## GIVEN INFORMATION
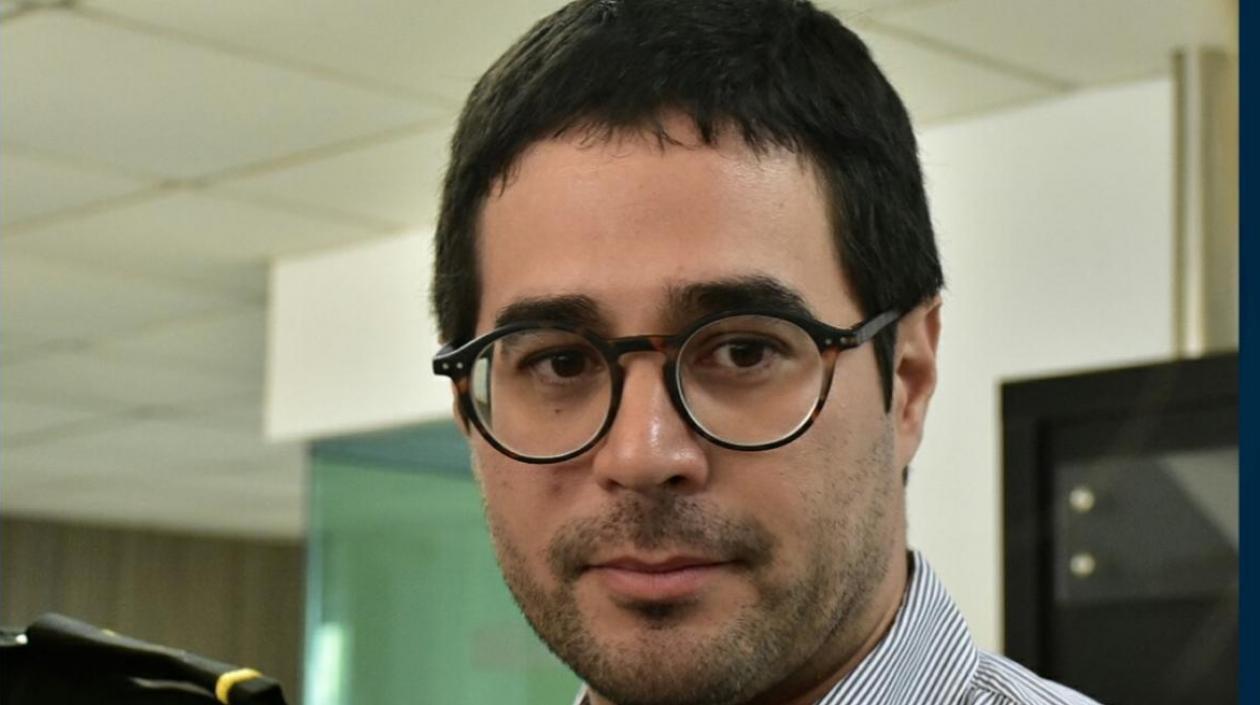 El secretario de Gobierno, Clemente Fajardo.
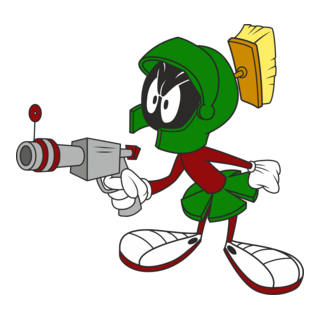 Marvin Logo PNG Vector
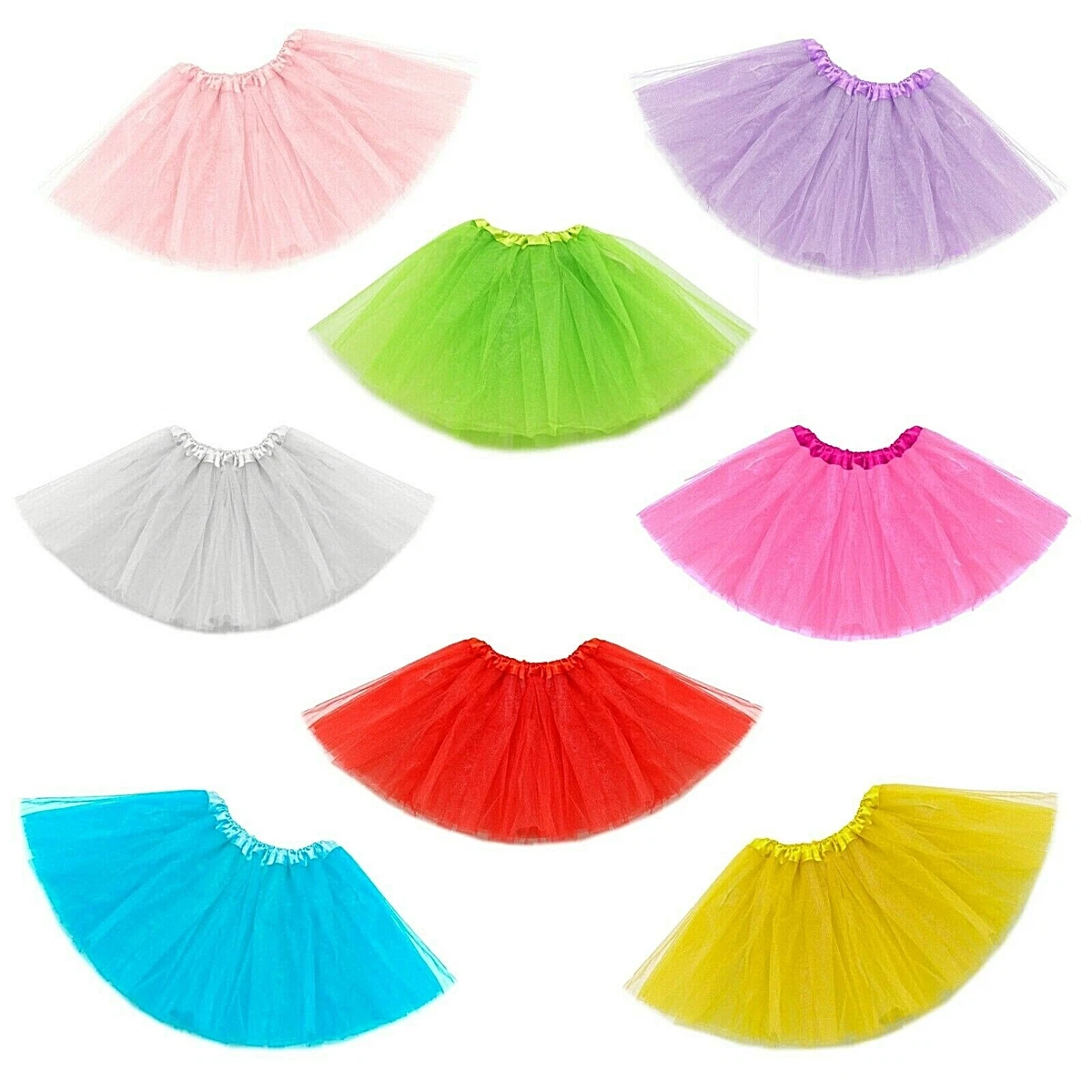 Gonna di tulle store fai da te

## PROBLEM TO SOLVE
Repeat the listing in full and to the letter, excluding every image.

## ANSWER FOR THE TASK
 El secretario de Gobierno, Clemente Fajardo.
 Marvin Logo PNG Vector
 Gonna di tulle store fai da te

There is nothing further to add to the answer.